GLENDALE, Calif. — A data breach at Glendale Obstetrics & Gynecology has exposed patients’ protected health information, including medical records and personal identifiers, according to cybersecurity analysts and regulatory filings. The incident, discovered last week, potentially affects thousands of current and former patients.
The clinic notified federal regulators of the breach under HIPAA requirements, though the exact number of compromised records remains unclear. Sources familiar with the investigation say hackers accessed a patient portal database containing names, addresses, insurance details, and clinical notes. “This is exactly the type of sensitive data that commands premium prices on dark web markets,” said a cybersecurity expert at a major threat intelligence firm who requested anonymity due to ongoing investigations.
Healthcare data breaches have surged 45% year-over-year according to HHS Office for Civil Rights statistics. Glendale OB-GYN’s website currently displays a banner acknowledging “recent IT security issues” and directing patients to a dedicated call center. The practice has not confirmed whether ransomware was involved, though analysts note the breach follows the MOVEit vulnerability pattern affecting hundreds of healthcare providers this year.
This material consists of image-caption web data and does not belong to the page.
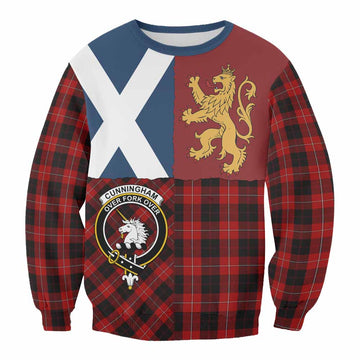 Cunningham Crest Tartan Sweatshirt with Lion Rampant Saltire Style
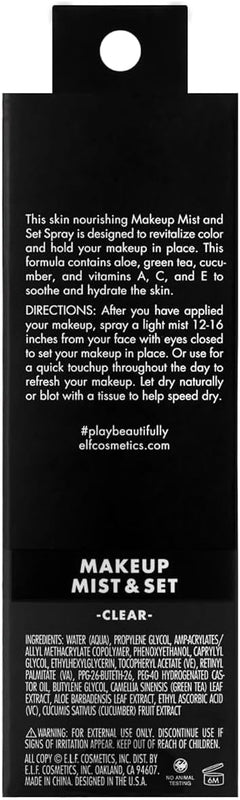 e.l.f. Makeup Mist & Set - Makeup Mist & Set - Enlivens & Moisturises Skin - Infused with Vitamin A - Vegan & Cruelty Free - 60ml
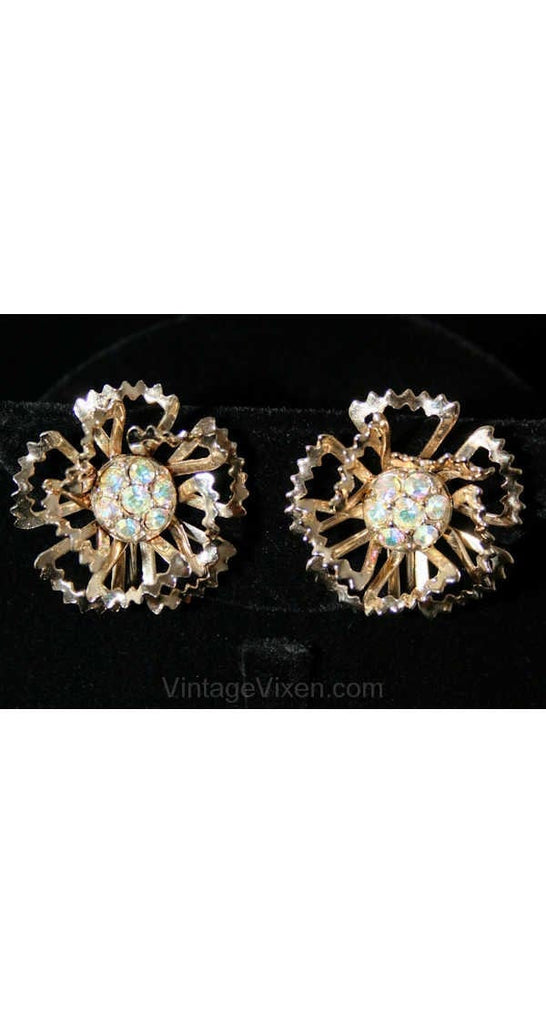 Metalwork Flower Earrings - Spring Goldtone 1950s Clip Earring - Bold Blooms - Classic Mid Century - Rhinestones - Mint Condition - 38441-1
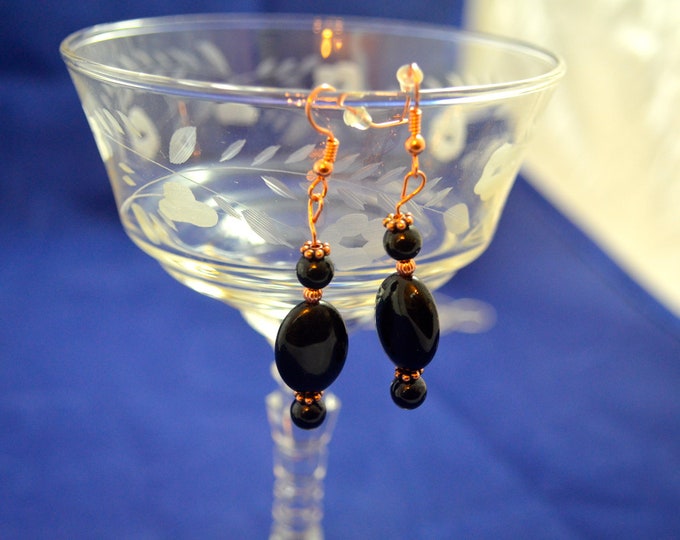 Black Agate Earrings with Pure Cooper, Natural Agate Beads, 2" Long, E200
Legal experts predict regulatory penalties could exceed $1.2 million if investigators determine inadequate security measures were in place. California’s privacy laws allow individual lawsuits for medical data exposure, potentially creating a class-action liability. “This breach illustrates why healthcare remains hackers’ top target,” said a Department of Health and Human Services spokesperson. “Medical records contain immutable identifiers that fuel identity theft for years.”